Cullen worked at nine hospitals and a nursing home during his 16- year nursing career in New Jersey and eastern Pennsylvania. Last weekend, authorities say, he admitted to killing 30 to 40 patients in his care, in most cases, by giving them a lethal dose of digoxin to "alleviate their pain and suffering."
To his family, Schramm's death at 78 was not a fitting end for a man who had given so much of his time to others. Ottomar Schramm was born in Bluefields, Nicaragua, where his parents were serving as Moravian missionaries. He moved to Nazareth when he was a boy, worked for 33 years in Bethlehem Steel's shipping yard and retired in 1976 to devote his efforts to the Nazareth Moravian Church.
If there was a funeral, a service or wedding at the church over the four decades before he died, Schramm was probably there. A former church elder who was head usher for more than 40 years, Schramm played trombone and later, bass horn, in the church's brass choir.
"If there was something going on in church, he was usually there helping out," said Barbara West, the church's secretary since 1971. "He was very dynamic. He was a small man, maybe 5 foot 3, but he spoke his mind. We were all saddened by his death."
In the neighborhood around his home on Center Street in Nazareth, Schramm often could be found rounding up his three children, when they were young, and the neighborhood children to play baseball at nearby Nazareth Junior High School.
Other times he could be found making birdhouses in his workshop, fishing or practicing his favorite hobby, photography.
"He was a wonderful man and a loving father," said his daughter Kristina Toth. "He dedicated so much of his life to others. His No. 1 priority was the church."

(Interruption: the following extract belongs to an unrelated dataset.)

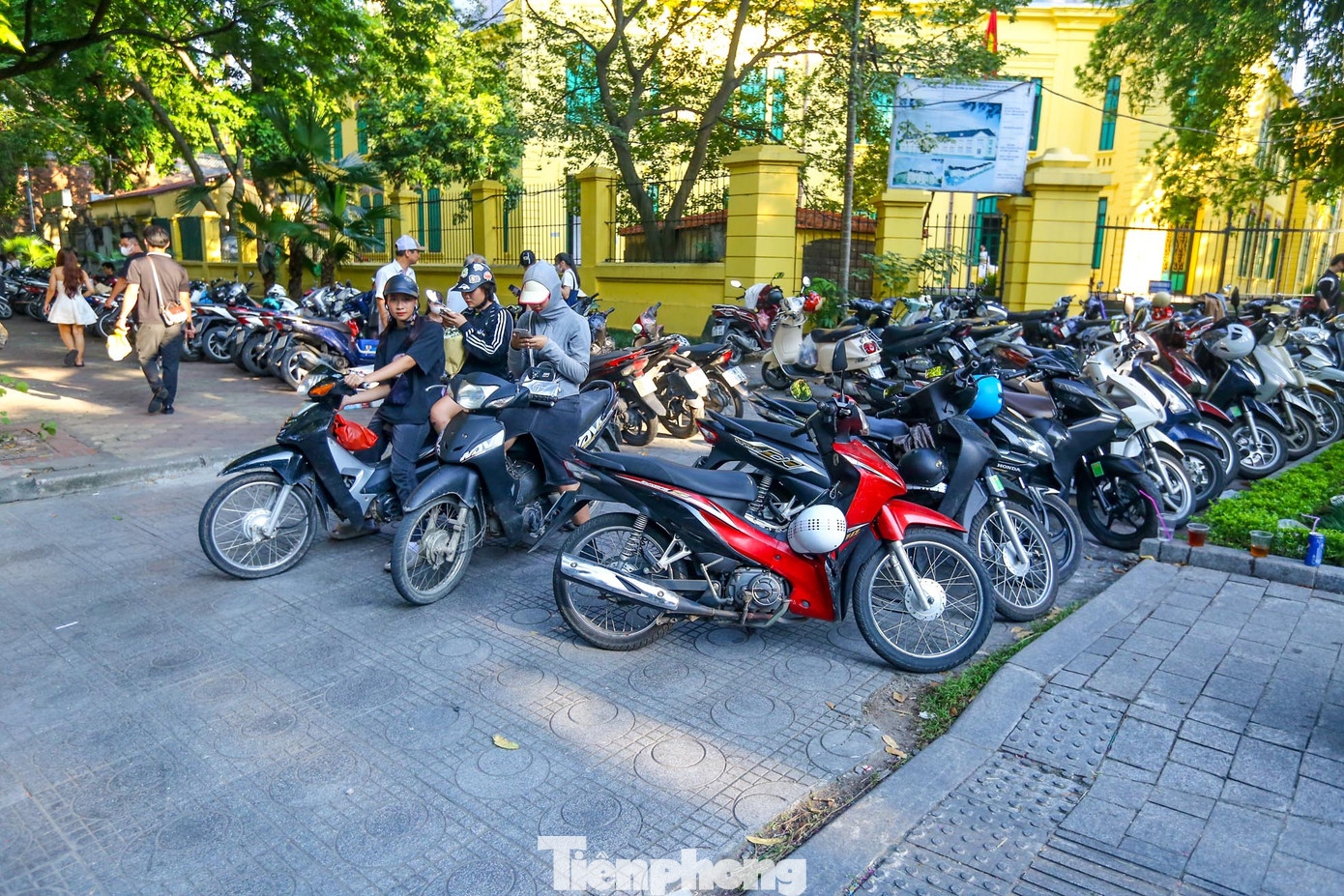 Bãi gửi xe tự phát ngay trên phố Phan Đình Phùng với 10.000đ/xe. Người trông xe "hốt bạc" trong ngày nghỉ lễ.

In his later years, Schramm's diabetes made it more difficult to keep his busy volunteer schedule. Yet, he still wanted to help. One year, he asked Susan M. Dreydoppel, executive director of the Moravian Historical Society, how he could help with the society's annual arts and crafts fair. Dreydoppel knew Schramm could no longer do much walking, so she jokingly asked him to count the people who attended the fair from his home, which was next door to the historical society.
As Dreydoppel waved hello to Schramm on her way into work the next day, she was stopped in her tracks.
"There were 2,593 people," Schramm said.
"Excuse me?" Dreydoppel said.
"Two thousand, five hundred, ninety-three," Schramm said back. "That's how many people attended the fair."
The historical society still uses Schramm's count -- the only time anyone ever counted -- as its estimate of how many people attend the fair annually.
Schramm was admitted to Easton Hospital on Dec. 28, 1998, after having suffered a seizure. Three days later, he died.
According to a malpractice lawsuit the family filed in 2001 in Northampton County Court against Easton Hospital and several other parties, Schramm died because he was administered a lethal dose of digoxin. Not only was the amount injected nearly four times the therapeutic level, but it was given to a man with a pacemaker, who should not have been given any digoxin. The lawsuit says doctors at Easton Hospital should have treated him for aspiration pneumonia and ensured he was given proper medication.
Cullen is not named in the suit, but Schramm's death followed a pattern eerily similar to the one Cullen has admitted using. Prosecutors say Cullen told them he usually performed his "mercy" killings by injecting a high dose of digoxin.
If Cullen is found to have been involved in Schramm's death, any defense that he was trying to put a terminally ill patient out of his pain won't carry any weight with Lorraine Schramm.
"My husband was going to recover," Schramm said. "He was not terminal. I miss him terribly."